By applying the same principles on the more optimized version of the program (program\_2\_c\_opt.s) and reorganizing a little more the operations, we can reach as low as 297 cycles, with no RAW stall and 40 STR stalls (with branch delay slot optimizations, 288 cycles with the same amount of stalls). The exact computation is reported in the attached pdf file as well.
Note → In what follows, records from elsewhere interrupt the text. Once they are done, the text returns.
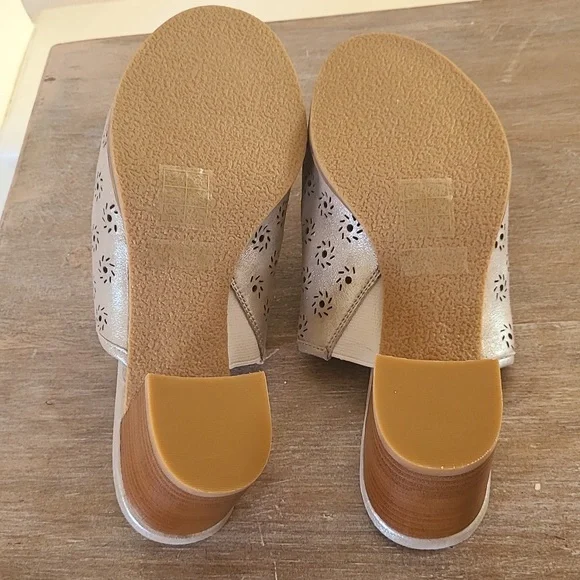 Jack Rogers Metallic Ronnie Mules in size 9 - Picture 7 of 8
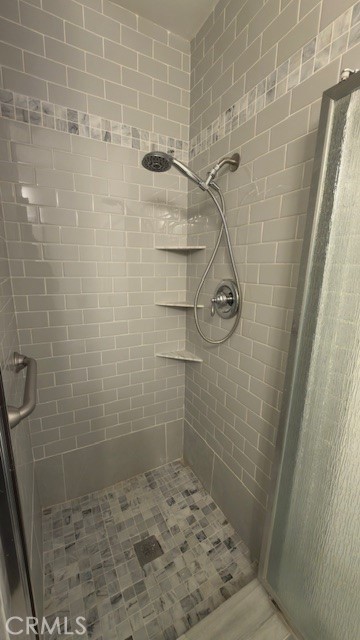 Detail Gallery Image 15 of 24 For 19400 Wyandotte #16,  Reseda,  CA 91335 - 3 Beds | 2 Baths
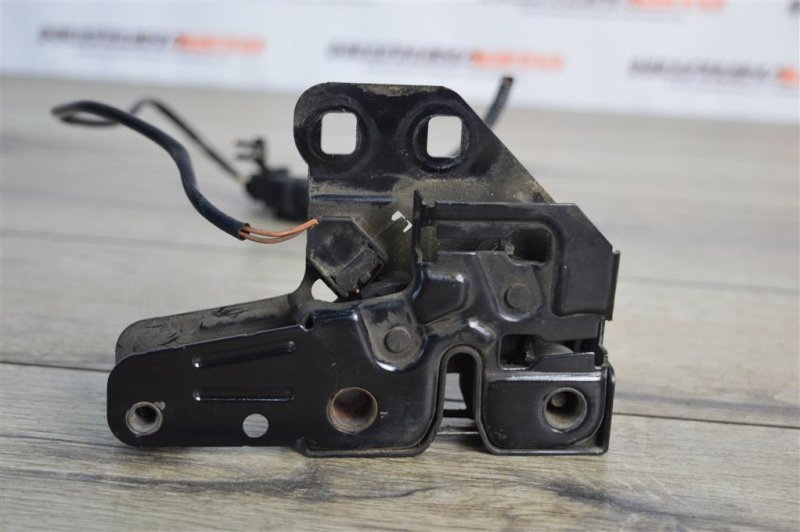 Замок капота, 900 рублей, Москва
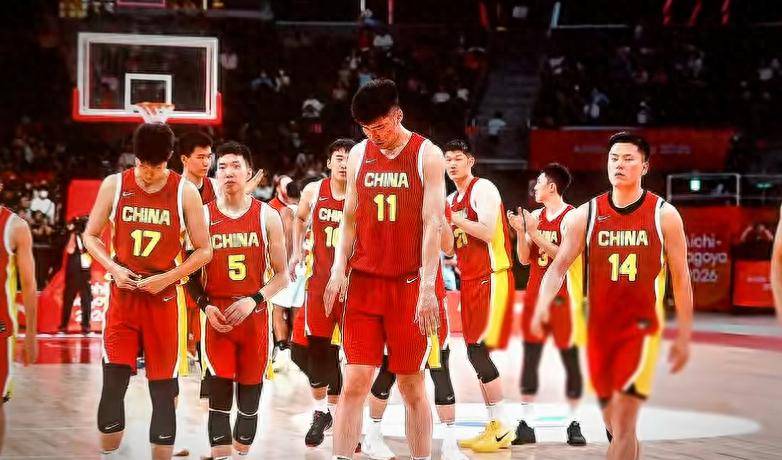 中国男篮2连败！全员回国解散，郭士强官宣2大决定，姚明没说错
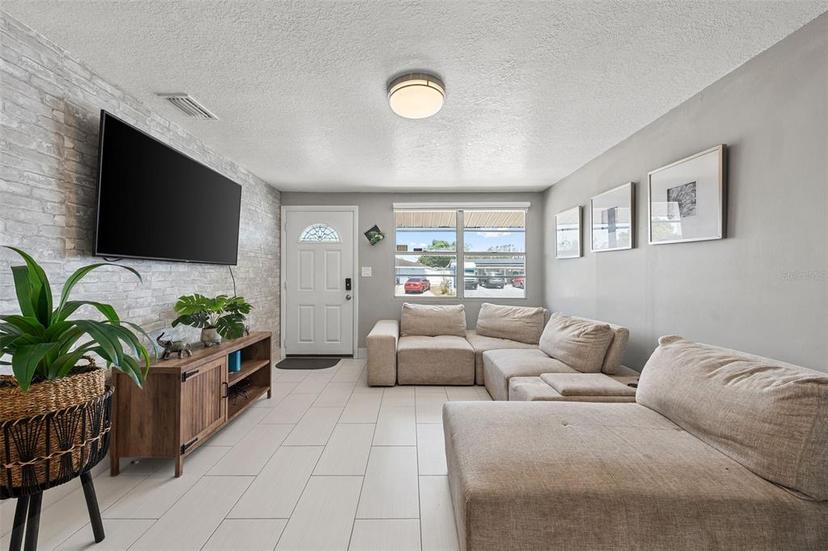 Picture of 6008 W Burke Street, Tampa FL 33634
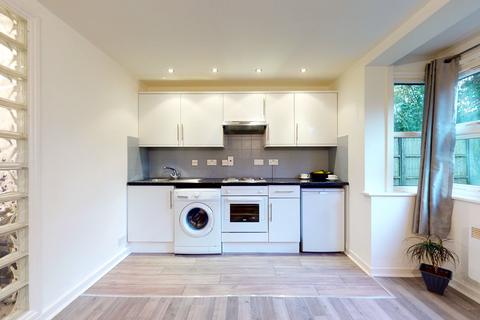 1 bedroom flat to rent, Balmoral Mews, London W12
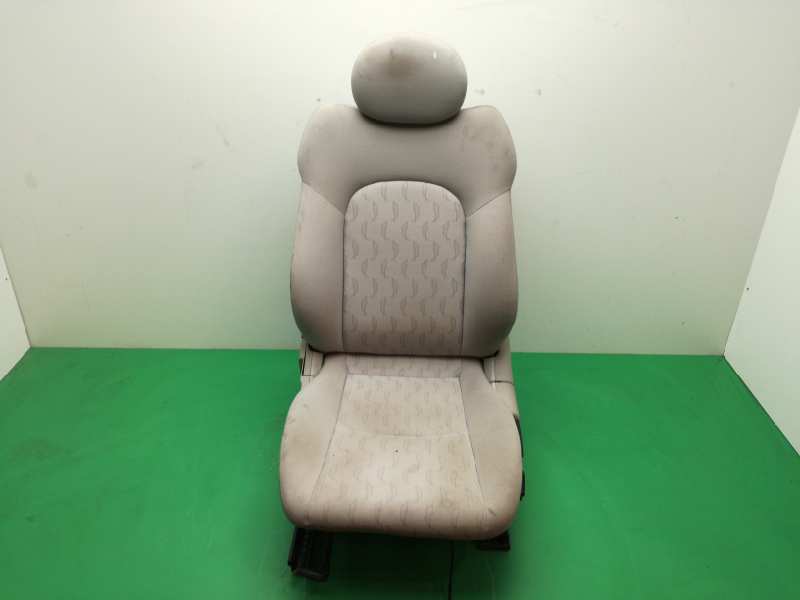 ASIENTO DELANTERO IZQUIERDO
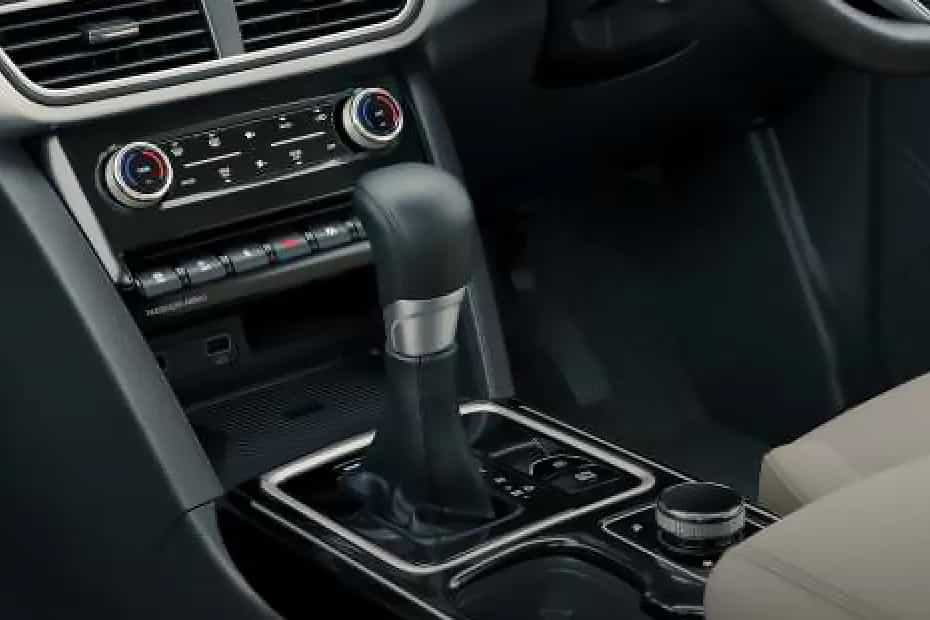 Mahindra XUV700 AX7 Diesel Luxury Pack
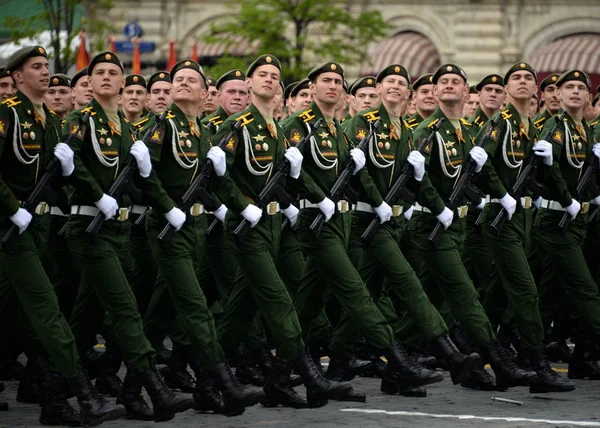 Cadetes da Academia Militar das Forças Estratégicas de Mísseis nomeados em homenagem a Pedro Magno no ensaio geral do desfile . — Fotografia de Stock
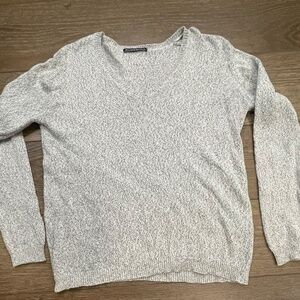 Brandy Melville V-Neck Sweater Gray OS Cozy Warm Winter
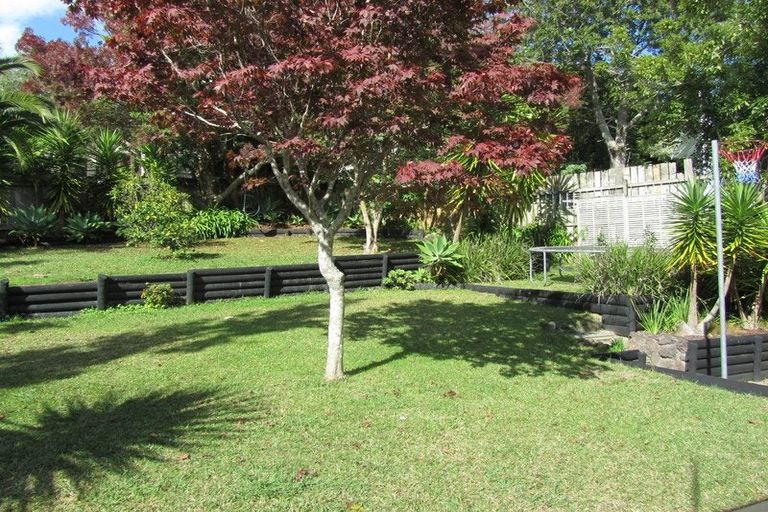 Photo of property in 75 Oaktree Avenue, Browns Bay, Auckland, 0630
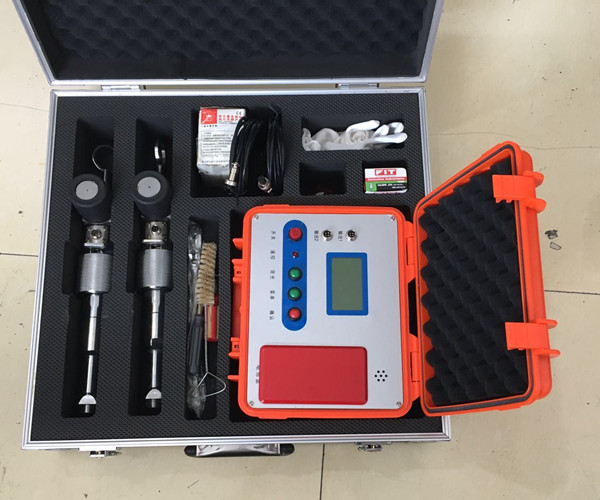 遙控型高壓電纜安全刺扎器是我上海藍巢在總結國內外多家電纜安全刺扎器的基礎上推出的新一代電 纜安全刺扎器,它具有雙槍雙角度刺扎被測電纜,遙控、手動定時兩種控制方式的新型電纜刺扎裝置。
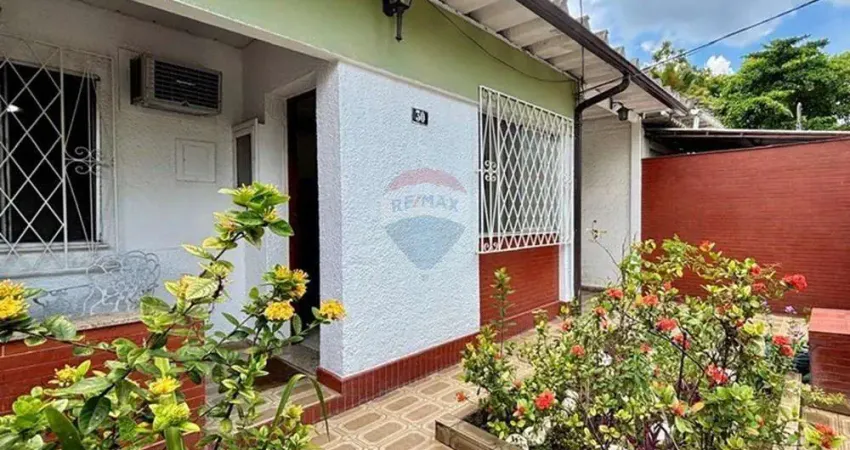 Casa de Condomínio para venda em Freguesia (jacarepaguá) de 109.00m² com 3 Quartos, 1 Suite e 3 Garagens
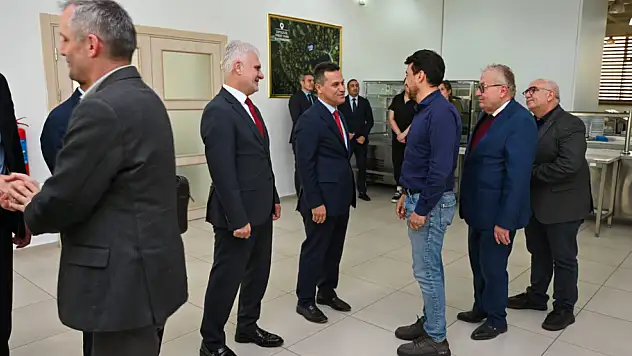 KÜ'de Bayramlaşma Merasimi Gerçekleştirildi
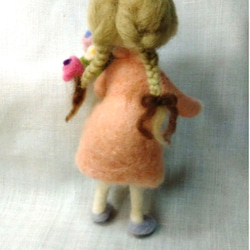 「Creema限定」 羊毛フェルト  人形   花束を持った少女   ピンク 3枚目の画像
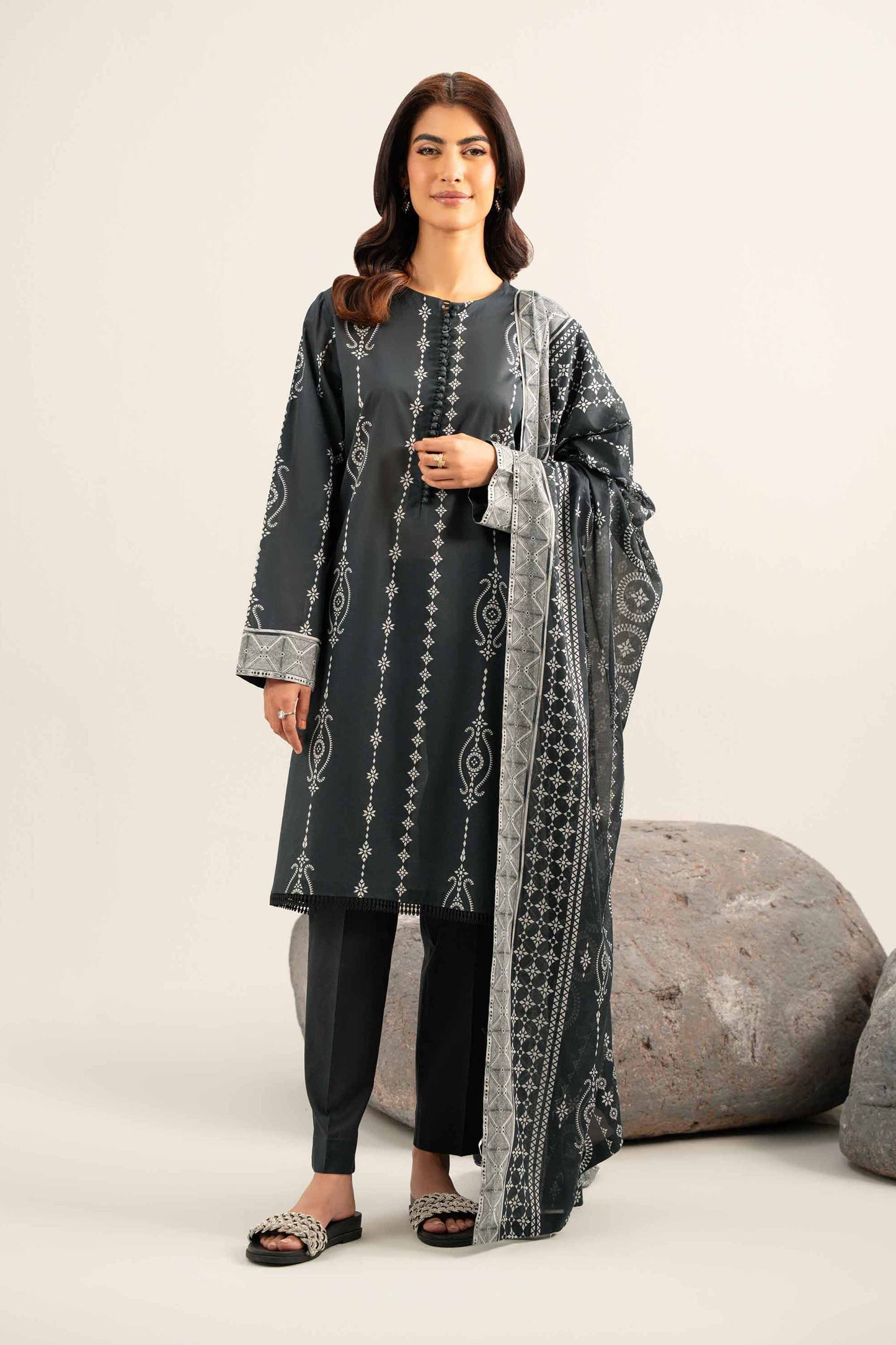Nishat Printed Lawn Three Piece Suit NS-LWN-BLK06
Complete the following table with the obtained results:

| Program                 | program_2.s | program_2_a.s | program_2_b.s | program_2_c.s    |
|-------------------------|-------------|---------------|---------------|------------------|
|                         |             |               |               |                  |
| Clock cycle computation |             |               |               |                  |
| By hand                 | 966 cycles  | 935 cycles    | 876 cycles    | 557 (538) cycles |
|                         | 1140 RAW    | 1110 RAW      | 1080 RAW      | 140 (130) RAW    |
|                         | 60 STR      | 60 STR        | 60 STR        | 200 STR          |
|                         |             | 455 cycles    | 396 cycles    | 297 (288) cycles |
|                         |             | 90 RAW        | 60 RAW        | 0 RAW            |
|                         |             | 60 STR        | 60 STR        | 40 STR           |
| By simulation           | 966 cycles  | 935 cycles    | 876 cycles    | 557 (538) cycles |
|                         | 1140 RAW    | 1110 RAW      | 1080 RAW      | 140 (130) RAW    |
|                         | 60 STR      | 60 STR        | 60 STR        | 20 STR           |
|                         |             | 455 cycles    | 396 cycles    | 297 (288) cycles |
|                         |             | 90 RAW        | 60 RAW        | 0 RAW            |
|                         |             | 60 STR        | 60 STR        | 40 STR           |

Compare the results obtained in the point 1, and provide some explanation in the case the results are different.

## **Eventual explanation:**

The WinMIPS64 simulator does not count well the structural stalls caused by the unpipelined division module: even if they are correctly identified and reported in the pipeline evolution window, they are not considered for the overall count of structural stalls. Thus, the value reported in the simulator is much lower than the one computed by hand, since the value computed by the emulator only takes into account the structural stalls caused by the store instructions.